(CN) – The 9th Circuit upheld a decision granting joint tribal fishing rights on The Wenatchee River in north-central Washington.
Judge Tallman wrote that both the Yakama and Wenatchi tribes maintain non-exclusive fishing rights at the confluence of Icicle Creek and the Wenatchee River, near the town of Leavenworth.
The decision was based on historical evidence, including transcripts of treaty negotiations, since the treaties themselves — “as the result of broken and forgotten promises” — were not completely clear.
Anthropological evidence established that both tribes historically used the confluence area, called the Wenatshapam Fishery, to capture and live off salmon.
As white settlers entered the region in the latter part of the 19th century, the federal government began a “hasty effort to clear land” of Native Americans, the ruling states. An 1855 treaty gave the Yakama land at the river confluence.

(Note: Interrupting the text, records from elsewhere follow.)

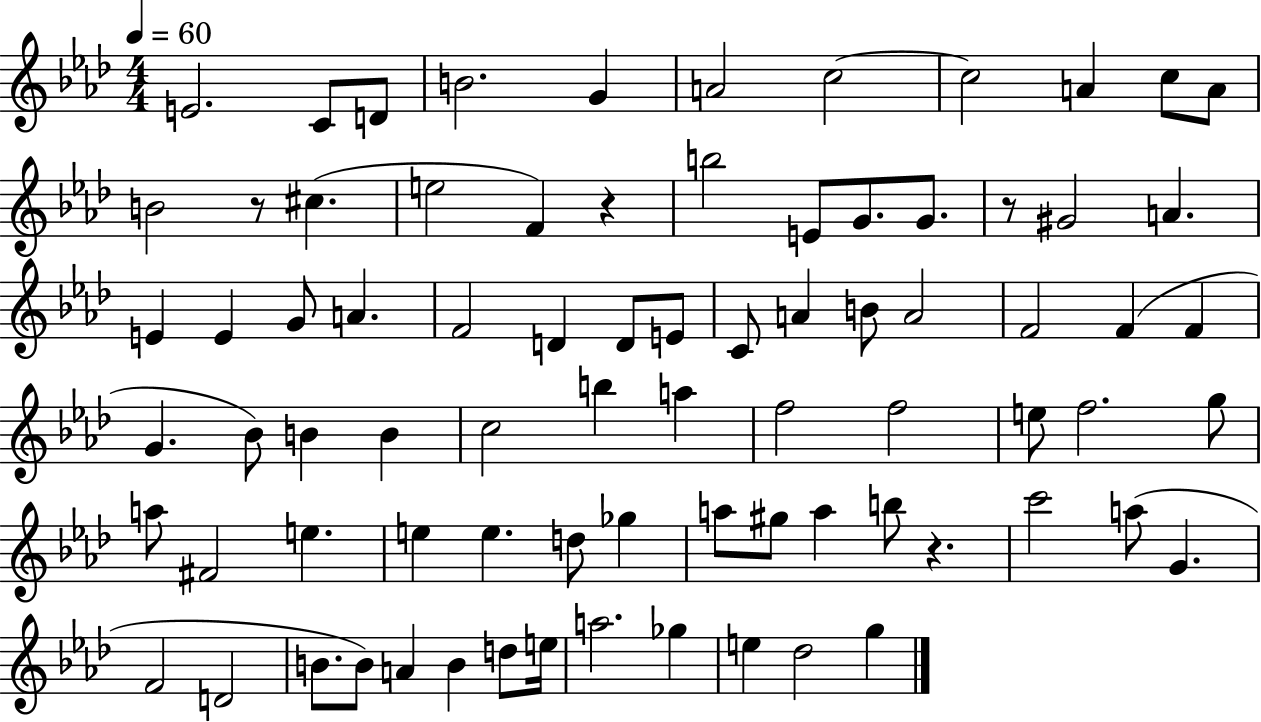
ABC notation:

X:1
T:Untitled
M:4/4
L:1/4
K:Ab
E2 C/2 D/2 B2 G A2 c2 c2 A c/2 A/2 B2 z/2 ^c e2 F z b2 E/2 G/2 G/2 z/2 ^G2 A E E G/2 A F2 D D/2 E/2 C/2 A B/2 A2 F2 F F G _B/2 B B c2 b a f2 f2 e/2 f2 g/2 a/2 ^F2 e e e d/2 _g a/2 ^g/2 a b/2 z c'2 a/2 G F2 D2 B/2 B/2 A B d/2 e/4 a2 _g e _d2 g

After the railroad reached the Wenatchee Valley around the turn of the century, the government suggested that white settlers negotiate with the Indians to purchase the riverside land. During a session when representatives from the Wenatchi tribe were not present, other tribes agreed to sell the area for $20,000.
According to treaty transcripts, the Yakama Tribe only did this under the condition that the Wenatchi maintain fishing rights there. A government official at that time promised to maintain the Wenatchi’s right to fish at Wenatshapam.
The United States filed suit on behalf of four tribes, including the Yakama Nation, in 1968. The Wenatchi, who were forced onto the Colville Reservation around 1900, intervened in 1989. The Yakama Tribe sought to block the Wenatchi from fishing at Wenatshapam in 2003.
Although the 9th Circuit initially prevented the Wenatchi from intervening, the appellate court reversed in 2006.
The San Francisco-based panel upheld the trial court’s determination that the Yakama and Wenatchi tribes maintain mutual fishing rights at Wenatshapam.